The AAT has upheld the Commissioner’s disallowance of a taxpayer’s claim for the R&D tax offset.
The taxpayer carries on a business designing and manufacturing what it calls “environmental technology”. As part of its business, the taxpayer claimed it undertook R&D activities in relation to a project, which sought to develop 3 beverage purifier devices.
In 2002, the company registered its R&D activities with the Industry Research and Development Board (“AusIndustry”) under s 39J of the Industry Research and Development Act 1986. In its 2001-02 tax return, the taxpayer included an election to claim an R&D tax offset of $388,601 pursuant to s 73I of the ITAA 1936. Following a tax audit, the Commissioner issued a notice under s 73IA of the ITAA 1936 assessing the taxpayer’s entitlement to the R&D tax offset for the 2001-02 tax year as “nil”. The taxpayer’s objection was disallowed and it sought review before the Tribunal.

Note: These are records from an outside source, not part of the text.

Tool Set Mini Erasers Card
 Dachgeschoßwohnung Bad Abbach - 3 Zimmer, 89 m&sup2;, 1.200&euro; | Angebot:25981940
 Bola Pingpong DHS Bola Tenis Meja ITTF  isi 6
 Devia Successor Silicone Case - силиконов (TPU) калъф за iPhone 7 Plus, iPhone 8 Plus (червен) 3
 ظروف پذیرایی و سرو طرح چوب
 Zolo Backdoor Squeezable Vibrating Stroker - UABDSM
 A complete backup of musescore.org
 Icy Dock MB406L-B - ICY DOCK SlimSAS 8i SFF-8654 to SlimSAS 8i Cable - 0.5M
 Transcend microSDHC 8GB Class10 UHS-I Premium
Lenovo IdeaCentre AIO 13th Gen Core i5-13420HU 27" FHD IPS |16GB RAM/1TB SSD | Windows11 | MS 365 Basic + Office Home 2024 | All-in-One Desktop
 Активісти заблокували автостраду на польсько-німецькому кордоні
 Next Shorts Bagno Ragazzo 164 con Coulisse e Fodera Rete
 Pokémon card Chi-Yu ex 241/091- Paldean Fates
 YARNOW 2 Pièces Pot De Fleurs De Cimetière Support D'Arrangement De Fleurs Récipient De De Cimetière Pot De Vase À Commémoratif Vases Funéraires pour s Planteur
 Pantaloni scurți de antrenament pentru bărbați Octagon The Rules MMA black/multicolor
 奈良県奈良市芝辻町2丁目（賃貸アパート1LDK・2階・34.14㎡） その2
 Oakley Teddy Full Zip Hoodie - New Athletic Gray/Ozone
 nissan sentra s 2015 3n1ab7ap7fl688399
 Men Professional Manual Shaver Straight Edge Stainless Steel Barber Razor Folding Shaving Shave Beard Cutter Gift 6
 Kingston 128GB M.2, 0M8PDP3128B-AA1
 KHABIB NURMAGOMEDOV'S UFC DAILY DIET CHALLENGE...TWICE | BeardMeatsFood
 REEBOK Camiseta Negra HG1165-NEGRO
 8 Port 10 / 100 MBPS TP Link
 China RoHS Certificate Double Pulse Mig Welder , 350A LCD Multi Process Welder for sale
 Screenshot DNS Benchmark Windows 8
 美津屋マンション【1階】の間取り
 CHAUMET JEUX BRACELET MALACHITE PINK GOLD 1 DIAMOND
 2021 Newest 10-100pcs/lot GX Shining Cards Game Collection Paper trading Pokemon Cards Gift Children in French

The Tribunal concluded that the records provided by the taxpayer were insufficient to substantiate the activities and the expenditure relating to or supporting the R&D tax offset claim. The Tribunal said the records did not establish the nexus between the expenditure and the activities to show the expenditure was incurred directly in respect of the R&D activities carried out during the 2001-02 tax year. The AAT said the taxpayer was therefore not entitled to the R&D tax offset for the 2001-02 tax offset year.
(AAT Case [2013] AATA 420, Re Ozone Manufacturing Pty Ltd and FCT, AAT, Dunne SM, AAT Ref: 2008/2184, 21 June 2013.)